Goal of the exercise: Return all lines from the listing below that include the word "Vintage".

☆ ☆ ☆ ☆ ☆ ☆ ☆

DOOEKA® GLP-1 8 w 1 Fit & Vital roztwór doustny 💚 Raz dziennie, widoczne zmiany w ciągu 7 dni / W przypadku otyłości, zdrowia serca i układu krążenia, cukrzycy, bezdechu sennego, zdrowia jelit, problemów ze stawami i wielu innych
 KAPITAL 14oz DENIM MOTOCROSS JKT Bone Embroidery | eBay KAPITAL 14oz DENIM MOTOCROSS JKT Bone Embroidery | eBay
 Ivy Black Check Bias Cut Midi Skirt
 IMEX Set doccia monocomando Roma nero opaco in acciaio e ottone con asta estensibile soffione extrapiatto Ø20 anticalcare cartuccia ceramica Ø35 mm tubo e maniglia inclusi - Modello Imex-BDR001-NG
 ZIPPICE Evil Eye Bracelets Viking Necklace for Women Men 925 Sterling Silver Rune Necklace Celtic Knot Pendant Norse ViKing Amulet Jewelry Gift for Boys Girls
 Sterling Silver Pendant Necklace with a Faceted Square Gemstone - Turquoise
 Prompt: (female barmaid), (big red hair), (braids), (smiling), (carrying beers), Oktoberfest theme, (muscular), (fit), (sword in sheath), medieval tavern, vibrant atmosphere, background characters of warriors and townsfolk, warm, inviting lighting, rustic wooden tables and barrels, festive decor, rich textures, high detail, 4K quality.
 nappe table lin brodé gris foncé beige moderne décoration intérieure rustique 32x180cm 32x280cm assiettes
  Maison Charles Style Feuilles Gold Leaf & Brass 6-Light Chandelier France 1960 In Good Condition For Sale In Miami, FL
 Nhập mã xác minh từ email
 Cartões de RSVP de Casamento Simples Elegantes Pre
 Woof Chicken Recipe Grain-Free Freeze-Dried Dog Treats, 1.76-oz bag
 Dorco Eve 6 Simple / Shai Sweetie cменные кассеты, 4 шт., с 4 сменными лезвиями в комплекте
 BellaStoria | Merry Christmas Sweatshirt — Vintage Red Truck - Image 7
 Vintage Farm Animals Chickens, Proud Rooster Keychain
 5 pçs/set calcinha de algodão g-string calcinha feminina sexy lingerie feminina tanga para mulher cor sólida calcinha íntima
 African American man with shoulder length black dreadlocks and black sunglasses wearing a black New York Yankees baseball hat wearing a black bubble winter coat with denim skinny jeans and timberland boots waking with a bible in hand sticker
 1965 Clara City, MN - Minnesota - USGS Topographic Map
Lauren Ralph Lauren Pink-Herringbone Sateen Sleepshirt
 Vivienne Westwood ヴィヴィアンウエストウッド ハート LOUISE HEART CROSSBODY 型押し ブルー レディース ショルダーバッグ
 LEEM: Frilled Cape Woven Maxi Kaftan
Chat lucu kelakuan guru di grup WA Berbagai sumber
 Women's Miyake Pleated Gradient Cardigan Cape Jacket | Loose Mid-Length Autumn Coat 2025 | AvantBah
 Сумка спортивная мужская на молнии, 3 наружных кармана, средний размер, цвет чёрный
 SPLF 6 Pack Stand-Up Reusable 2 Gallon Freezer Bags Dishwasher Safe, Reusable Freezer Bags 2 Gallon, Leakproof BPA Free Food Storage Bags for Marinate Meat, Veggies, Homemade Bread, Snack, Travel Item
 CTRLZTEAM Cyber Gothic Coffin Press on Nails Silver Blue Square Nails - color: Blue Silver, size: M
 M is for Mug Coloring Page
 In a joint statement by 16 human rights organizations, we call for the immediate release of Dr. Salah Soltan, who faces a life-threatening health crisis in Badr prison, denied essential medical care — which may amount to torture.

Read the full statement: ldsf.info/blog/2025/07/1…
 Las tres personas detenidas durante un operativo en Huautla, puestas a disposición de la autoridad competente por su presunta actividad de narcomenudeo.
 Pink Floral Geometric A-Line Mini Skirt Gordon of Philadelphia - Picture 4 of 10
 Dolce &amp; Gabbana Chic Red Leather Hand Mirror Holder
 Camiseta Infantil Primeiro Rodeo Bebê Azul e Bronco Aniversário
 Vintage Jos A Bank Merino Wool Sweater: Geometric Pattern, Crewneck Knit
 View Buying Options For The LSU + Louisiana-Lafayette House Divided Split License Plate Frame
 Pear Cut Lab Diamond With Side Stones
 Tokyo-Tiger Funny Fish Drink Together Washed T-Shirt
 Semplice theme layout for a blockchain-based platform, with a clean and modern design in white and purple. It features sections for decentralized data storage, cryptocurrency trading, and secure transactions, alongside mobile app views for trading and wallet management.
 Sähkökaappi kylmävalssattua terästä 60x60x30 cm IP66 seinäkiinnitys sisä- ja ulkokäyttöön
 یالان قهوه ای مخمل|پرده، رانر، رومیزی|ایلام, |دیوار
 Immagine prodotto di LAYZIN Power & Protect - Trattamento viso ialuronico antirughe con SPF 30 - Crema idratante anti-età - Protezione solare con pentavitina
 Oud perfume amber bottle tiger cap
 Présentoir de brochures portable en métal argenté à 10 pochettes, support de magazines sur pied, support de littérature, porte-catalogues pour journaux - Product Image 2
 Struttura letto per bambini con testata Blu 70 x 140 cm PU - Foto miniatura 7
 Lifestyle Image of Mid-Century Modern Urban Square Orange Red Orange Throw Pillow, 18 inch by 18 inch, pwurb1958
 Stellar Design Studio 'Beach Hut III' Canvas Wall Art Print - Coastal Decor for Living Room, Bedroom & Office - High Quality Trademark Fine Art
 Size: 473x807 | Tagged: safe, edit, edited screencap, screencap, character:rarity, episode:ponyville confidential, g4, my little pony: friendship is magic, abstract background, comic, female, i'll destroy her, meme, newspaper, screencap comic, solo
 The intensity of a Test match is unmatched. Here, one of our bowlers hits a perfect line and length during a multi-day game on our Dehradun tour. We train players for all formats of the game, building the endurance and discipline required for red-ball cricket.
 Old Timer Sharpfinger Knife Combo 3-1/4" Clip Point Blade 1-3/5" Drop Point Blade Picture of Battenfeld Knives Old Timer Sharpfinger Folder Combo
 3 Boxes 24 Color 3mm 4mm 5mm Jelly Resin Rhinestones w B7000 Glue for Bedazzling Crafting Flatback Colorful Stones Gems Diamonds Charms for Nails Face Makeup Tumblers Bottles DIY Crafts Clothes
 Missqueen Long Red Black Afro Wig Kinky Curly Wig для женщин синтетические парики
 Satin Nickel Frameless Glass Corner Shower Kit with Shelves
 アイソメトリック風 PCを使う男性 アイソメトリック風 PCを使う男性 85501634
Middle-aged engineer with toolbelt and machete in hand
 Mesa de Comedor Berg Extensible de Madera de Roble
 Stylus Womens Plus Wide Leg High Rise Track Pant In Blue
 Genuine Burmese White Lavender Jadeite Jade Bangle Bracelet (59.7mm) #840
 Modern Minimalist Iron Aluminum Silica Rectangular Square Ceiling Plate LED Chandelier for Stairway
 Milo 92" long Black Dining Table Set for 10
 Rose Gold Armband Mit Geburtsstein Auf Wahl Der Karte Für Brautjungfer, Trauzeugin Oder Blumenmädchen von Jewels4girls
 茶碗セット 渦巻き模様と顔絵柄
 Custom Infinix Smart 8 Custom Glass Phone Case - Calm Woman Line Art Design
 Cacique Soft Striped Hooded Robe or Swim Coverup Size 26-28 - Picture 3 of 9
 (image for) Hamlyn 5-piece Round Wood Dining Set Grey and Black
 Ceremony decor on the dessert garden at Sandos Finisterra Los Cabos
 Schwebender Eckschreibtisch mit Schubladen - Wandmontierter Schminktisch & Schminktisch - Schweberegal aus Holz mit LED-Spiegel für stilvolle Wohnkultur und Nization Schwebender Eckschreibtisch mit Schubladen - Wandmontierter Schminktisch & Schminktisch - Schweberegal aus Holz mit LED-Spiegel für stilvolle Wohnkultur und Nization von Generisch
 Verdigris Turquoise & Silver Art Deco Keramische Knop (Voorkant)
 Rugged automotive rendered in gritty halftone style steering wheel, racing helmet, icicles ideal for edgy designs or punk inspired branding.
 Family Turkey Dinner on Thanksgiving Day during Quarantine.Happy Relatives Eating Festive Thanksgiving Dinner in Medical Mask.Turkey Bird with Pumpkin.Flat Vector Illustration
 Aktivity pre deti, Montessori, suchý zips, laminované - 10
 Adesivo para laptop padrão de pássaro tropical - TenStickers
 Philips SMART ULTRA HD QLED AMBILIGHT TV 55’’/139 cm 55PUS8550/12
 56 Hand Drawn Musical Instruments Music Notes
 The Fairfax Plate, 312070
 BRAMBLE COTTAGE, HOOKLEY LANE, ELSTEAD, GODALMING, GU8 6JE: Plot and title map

☆ ☆ ☆ ☆ ☆ ☆ ☆

Solution for this task:
 BellaStoria | Merry Christmas Sweatshirt — Vintage Red Truck - Image 7
 Vintage Farm Animals Chickens, Proud Rooster Keychain
 Vintage Jos A Bank Merino Wool Sweater: Geometric Pattern, Crewneck Knit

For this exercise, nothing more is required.